K&L preservation said:


> What you said got me thinking. If I may offer my input, depending on how many houses you plan on keeping in your rotation the prices add up. We have lots of people who work through us full time. If you are to do 10 houses/day at @ $25 (if the lot is an acre) that = $250 for 1 day and if you work 5 days a week (doing 10 houses a day) that = $1250/week which equates to $2500 biweekly. That is $5000/month and 12 months a year that equals $60,000/year. Honestly, after adding this up, I’m thinking about switching over the lawn care side of things (I would if I had the equipment : ). Not to mention the lawn care maintenance you would be doing for these properties is really basic. Just your simple grass cut and grass clipping removal. The properties don’t have to look perfect, they just have to be maintained, about 20-30mins per yard . I don’t know that’s just food for thought I suppose. Thought I’d share. Hope you have a good weekend.**Kirstie ScottPhone. 949-864-8339Fax. [email protected] Lic. BUS11-02764
> 
> 
> 
> ...



Wtf. Are you serious? Same owners as us best?


----------



## K&L preservation (Oct 28, 2013)

thanohano44 said:


> Wtf. Are you serious? Same owners as us best?

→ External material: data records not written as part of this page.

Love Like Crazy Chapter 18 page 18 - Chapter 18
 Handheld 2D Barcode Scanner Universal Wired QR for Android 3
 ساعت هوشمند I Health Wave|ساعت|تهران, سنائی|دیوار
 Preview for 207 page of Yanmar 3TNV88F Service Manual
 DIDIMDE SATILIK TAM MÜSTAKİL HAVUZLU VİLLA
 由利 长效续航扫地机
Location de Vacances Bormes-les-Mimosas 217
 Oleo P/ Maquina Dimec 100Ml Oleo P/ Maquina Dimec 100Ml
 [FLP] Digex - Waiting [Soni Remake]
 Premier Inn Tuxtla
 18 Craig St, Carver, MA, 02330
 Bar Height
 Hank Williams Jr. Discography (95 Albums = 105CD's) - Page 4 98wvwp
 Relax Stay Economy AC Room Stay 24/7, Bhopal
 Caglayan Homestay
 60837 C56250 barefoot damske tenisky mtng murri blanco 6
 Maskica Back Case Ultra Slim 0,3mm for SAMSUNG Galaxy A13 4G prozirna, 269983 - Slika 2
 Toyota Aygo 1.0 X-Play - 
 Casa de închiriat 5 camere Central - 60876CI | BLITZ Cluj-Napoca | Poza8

Yep. Said they were the sister company of usbest. So I sent her the usbest price sheet and asked why the dramatic difference in pricing. One of 2 things they are doing. Subbing out the $35 grass cuts from safeguard or keeping 80 percent and giving the botg the scraps. Still no reply from her, with last message being sent at 3 this afternoon. I told her it was sad when safeguard has better pricing. Usbest and pacpres are the only ordermills I mess with never had an issue about payment with them. But brokers are the cream. No pics, chargebacks, asking to do hack work or waiting 30 days to get paid.


----------



## Craigslist Hack (Jun 14, 2012)

I would have sent her the HUD guidelines and told her either they are crooks or they suck at negotiating. 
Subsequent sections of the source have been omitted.